And it looks like if this continues this standoff, the people who are in dire need of aid or food, of health, will still be very greatly affected by what happens.

Larry Madowo, CNN -- Nairobi.

(END VIDEOTAPE)

VAUSE: Well, there are growing calls for an end to the violence in Afghanistan as the U.S. troop withdrawal could wrap up in just a number of days.

We head to Kabul for the very latest.

[01:39:49]

(COMMERCIAL BREAK)

VAUSE: With the Taliban gaining ground in Afghanistan, the U.S. is calling for an end to the escalating fighting. That statement from the American embassy in Kabul comes with the U.S. now just days away from a total troop withdrawal.

CNN's Anna Coren is reporting now from Kabul.

(BEGIN VIDEOTAPE)

ANNA COREN, CNN CORRESPONDENT (voice over): America's longest war could be coming to a close within a matter of days as the remaining U.S. troops here in Afghanistan prepare to leave.

The deadline set by President Biden was September 11, however the withdrawal has been brought forward two months as more than 900 C-17 planeloads of equipment and troops have already returned home.

A thousand U.S. soldiers will remain in country -- 600 to protect the U.S. embassy while the remainder will secure the international airport in the interim until Turkish troops are in place to take over.

U.S. Commander General Austin Scott Miller overseeing the withdrawal has warned of an impending civil war in Afghanistan after U.S. troops leave saying quote, "This should be a concern for the world."

It comes as the security situation in the country rapidly deteriorates with the Taliban latching offenses (ph) across the country particularly in the north where they've made serious advances in the past few weeks.

(on camera): So far the Taliban has seized more than a hundred of the 370 districts. Propaganda videos have shown Afghan forces surrendering and handing over U.S.-funded weapons, ammunition, Humvees and armored personnel carriers.
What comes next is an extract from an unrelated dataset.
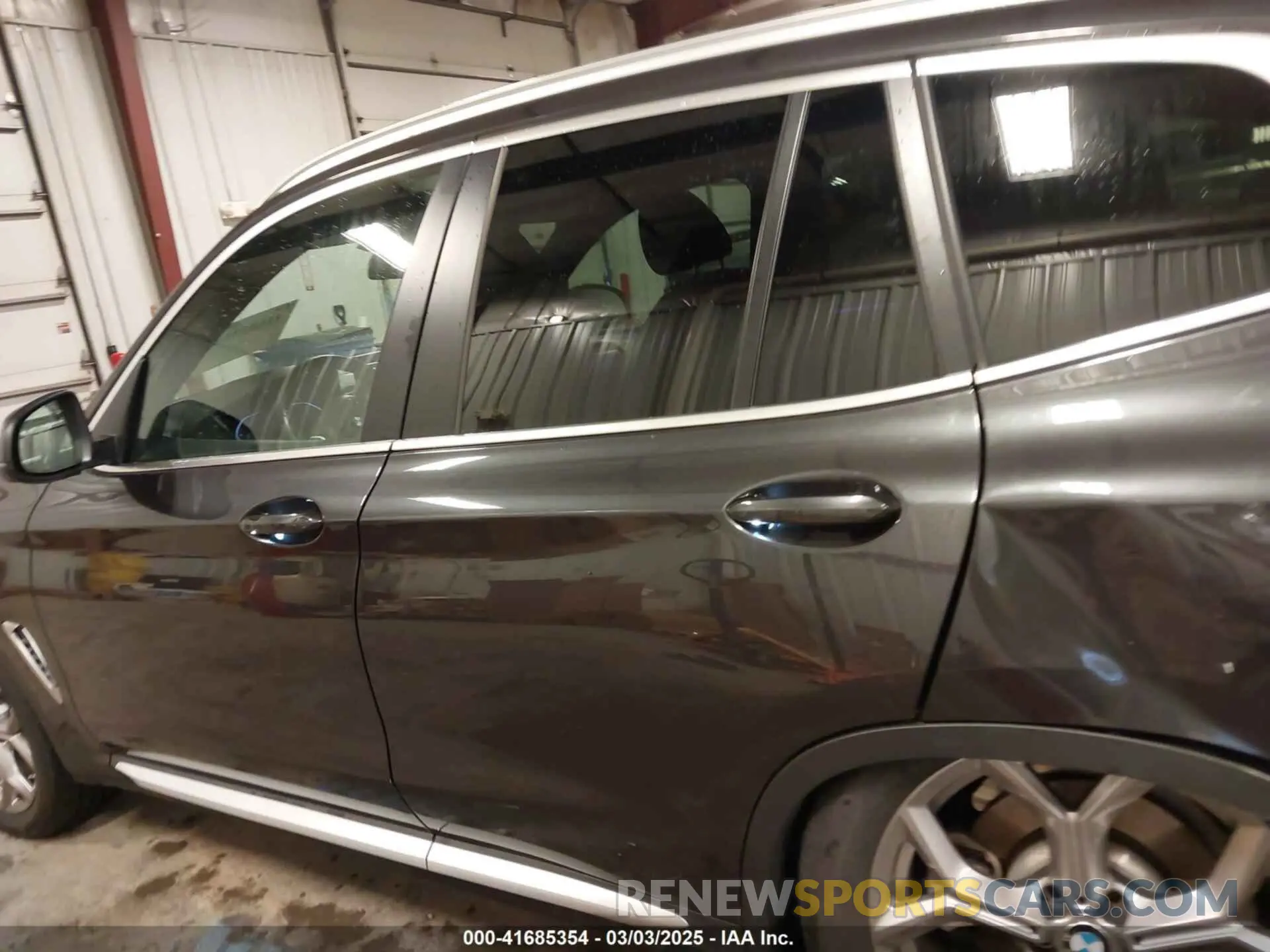 15 Photograph of a damaged car 5UX53DP0XN9K23741 BMW X3 2022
The U.S. Embassy here in Kabul issued a statement a short time ago calling on the Taliban to end the violence and reaffirm its commitment to Afghanistan. It said the partnership between the two countries was not ending with President Biden pledging more than $3 billion for security assistance over the coming year.
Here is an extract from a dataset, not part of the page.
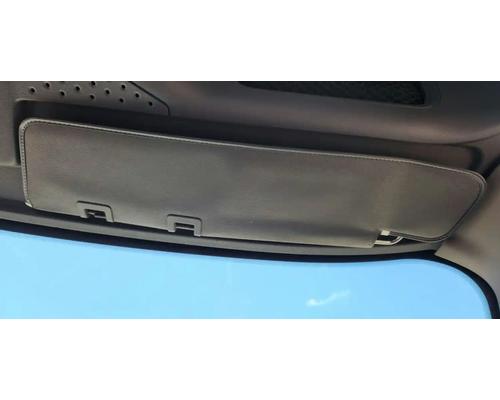  Freightliner Cascadia 125 Visor #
But as we know, money alone will not fix the potential catastrophe unfolding here. $2 trillion dollars has already been spent on the Afghan war over the past 20 years. Many fear it's only a matter of time before the Taliban returns to power.

Anna Coren, CNN -- Kabul.

(END VIDEOTAPE)

VAUSE: Well, the invasion of Afghanistan in 2001 was the beginning of Operation: Enduring Freedom. And the man who oversaw the U.S. war on terrorism has died.

According to family members, former defense secretary Donald Rumsfeld died Tuesday in the city of Taos, New Mexico. He was 88 years old.

Rumsfeld may have been best known though as the main architect of the Iraq War.

But as CNN's Barbara Starr reports, he was a power player in Washington for many years before that.

(BEGIN VIDEOTAPE)

DONALD RUMSFELD, FORMER U.S. SECRETARY OF DEFENSE: Never forget what this great institution is about.

BARBARA STARR, CNN PENTAGON CORRESPONDENT (voice over): Donald Rumsfeld holds the distinction as both the youngest person to ever serve as secretary of Defense, and the second oldest to serve in the position.

He was Defense secretary for President Gerald Ford in the 1970s and President George W. Bush in the early 2000s.

[01:44:59]

GEORGE W. BUSH, FORMER PRESIDENT OF THE UNITED STATES: He's going to be a great secretary of Defense again.

STARR: It was his second stint in that role which would come to define what Donald Rumsfeld was most known for. Driven from office by the Iraq War after being seen as a hero in the hours of the 9/11 attack on the Pentagon.

RUMSFELD: We have taken a series of measures to prevent further attacks and to determine who is responsible.

STARR: Rumsfeld was inside the Pentagon when it was struck by a hijacked plane, killing 184 people. He rushed to help evacuate the injured, until his security team begged him to go back inside. But soon Rumsfeld would leave the global war on terror.

RUMSFELD: Active forces are deployed and redeployed.

STARR: In the coming years he oversaw two conflicts -- the Iraq War and Operation Enduring Freedom in Afghanistan.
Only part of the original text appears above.